Go through the records line by line from the top and repeat each one exactly, ending with the line that contains "PSILOCYBIN Вуктыл".

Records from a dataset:
───
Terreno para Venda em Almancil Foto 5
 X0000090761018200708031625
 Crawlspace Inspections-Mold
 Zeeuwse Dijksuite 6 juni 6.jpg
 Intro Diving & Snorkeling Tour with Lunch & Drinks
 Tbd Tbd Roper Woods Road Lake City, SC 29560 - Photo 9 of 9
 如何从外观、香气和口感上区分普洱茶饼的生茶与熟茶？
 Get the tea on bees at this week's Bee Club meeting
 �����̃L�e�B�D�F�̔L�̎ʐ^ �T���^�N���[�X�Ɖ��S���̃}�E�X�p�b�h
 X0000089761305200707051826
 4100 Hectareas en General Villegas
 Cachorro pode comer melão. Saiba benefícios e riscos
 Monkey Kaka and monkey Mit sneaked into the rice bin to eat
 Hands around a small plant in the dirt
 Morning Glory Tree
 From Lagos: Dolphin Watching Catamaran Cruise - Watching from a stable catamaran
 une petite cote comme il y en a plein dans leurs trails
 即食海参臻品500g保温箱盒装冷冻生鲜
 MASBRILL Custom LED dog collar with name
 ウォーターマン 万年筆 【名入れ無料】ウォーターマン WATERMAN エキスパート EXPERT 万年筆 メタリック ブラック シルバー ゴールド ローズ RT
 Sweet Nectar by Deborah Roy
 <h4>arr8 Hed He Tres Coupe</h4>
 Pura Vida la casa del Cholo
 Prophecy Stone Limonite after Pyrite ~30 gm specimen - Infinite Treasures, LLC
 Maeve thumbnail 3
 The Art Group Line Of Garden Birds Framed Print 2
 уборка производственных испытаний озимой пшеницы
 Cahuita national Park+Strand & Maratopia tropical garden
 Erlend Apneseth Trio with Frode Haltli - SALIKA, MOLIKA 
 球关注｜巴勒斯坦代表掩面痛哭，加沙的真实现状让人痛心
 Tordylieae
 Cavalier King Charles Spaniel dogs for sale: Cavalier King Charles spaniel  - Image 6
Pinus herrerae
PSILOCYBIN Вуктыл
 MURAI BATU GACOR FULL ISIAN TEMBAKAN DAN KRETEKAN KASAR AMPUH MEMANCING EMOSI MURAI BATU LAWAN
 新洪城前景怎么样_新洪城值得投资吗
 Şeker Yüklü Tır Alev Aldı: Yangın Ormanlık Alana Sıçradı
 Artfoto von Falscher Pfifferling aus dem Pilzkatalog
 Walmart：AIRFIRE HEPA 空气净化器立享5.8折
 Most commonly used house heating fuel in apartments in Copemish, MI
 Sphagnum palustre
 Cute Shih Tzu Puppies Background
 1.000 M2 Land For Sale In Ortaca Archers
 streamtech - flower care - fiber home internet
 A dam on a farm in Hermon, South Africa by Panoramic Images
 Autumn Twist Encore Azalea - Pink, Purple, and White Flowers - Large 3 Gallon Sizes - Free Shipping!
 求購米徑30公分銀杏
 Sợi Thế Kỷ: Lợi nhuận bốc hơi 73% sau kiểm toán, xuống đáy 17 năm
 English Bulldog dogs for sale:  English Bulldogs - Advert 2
───
Answer section:
Terreno para Venda em Almancil Foto 5
 X0000090761018200708031625
 Crawlspace Inspections-Mold
 Zeeuwse Dijksuite 6 juni 6.jpg
 Intro Diving & Snorkeling Tour with Lunch & Drinks
 Tbd Tbd Roper Woods Road Lake City, SC 29560 - Photo 9 of 9
 如何从外观、香气和口感上区分普洱茶饼的生茶与熟茶？
 Get the tea on bees at this week's Bee Club meeting
 �����̃L�e�B�D�F�̔L�̎ʐ^ �T���^�N���[�X�Ɖ��S���̃}�E�X�p�b�h
 X0000089761305200707051826
 4100 Hectareas en General Villegas
 Cachorro pode comer melão. Saiba benefícios e riscos
 Monkey Kaka and monkey Mit sneaked into the rice bin to eat
 Hands around a small plant in the dirt
 Morning Glory Tree
 From Lagos: Dolphin Watching Catamaran Cruise - Watching from a stable catamaran
 une petite cote comme il y en a plein dans leurs trails
 即食海参臻品500g保温箱盒装冷冻生鲜
 MASBRILL Custom LED dog collar with name
 ウォーターマン 万年筆 【名入れ無料】ウォーターマン WATERMAN エキスパート EXPERT 万年筆 メタリック ブラック シルバー ゴールド ローズ RT
 Sweet Nectar by Deborah Roy
 <h4>arr8 Hed He Tres Coupe</h4>
 Pura Vida la casa del Cholo
 Prophecy Stone Limonite after Pyrite ~30 gm specimen - Infinite Treasures, LLC
 Maeve thumbnail 3
 The Art Group Line Of Garden Birds Framed Print 2
 уборка производственных испытаний озимой пшеницы
 Cahuita national Park+Strand & Maratopia tropical garden
 Erlend Apneseth Trio with Frode Haltli - SALIKA, MOLIKA 
 球关注｜巴勒斯坦代表掩面痛哭，加沙的真实现状让人痛心
 Tordylieae
 Cavalier King Charles Spaniel dogs for sale: Cavalier King Charles spaniel  - Image 6
Pinus herrerae
PSILOCYBIN Вуктыл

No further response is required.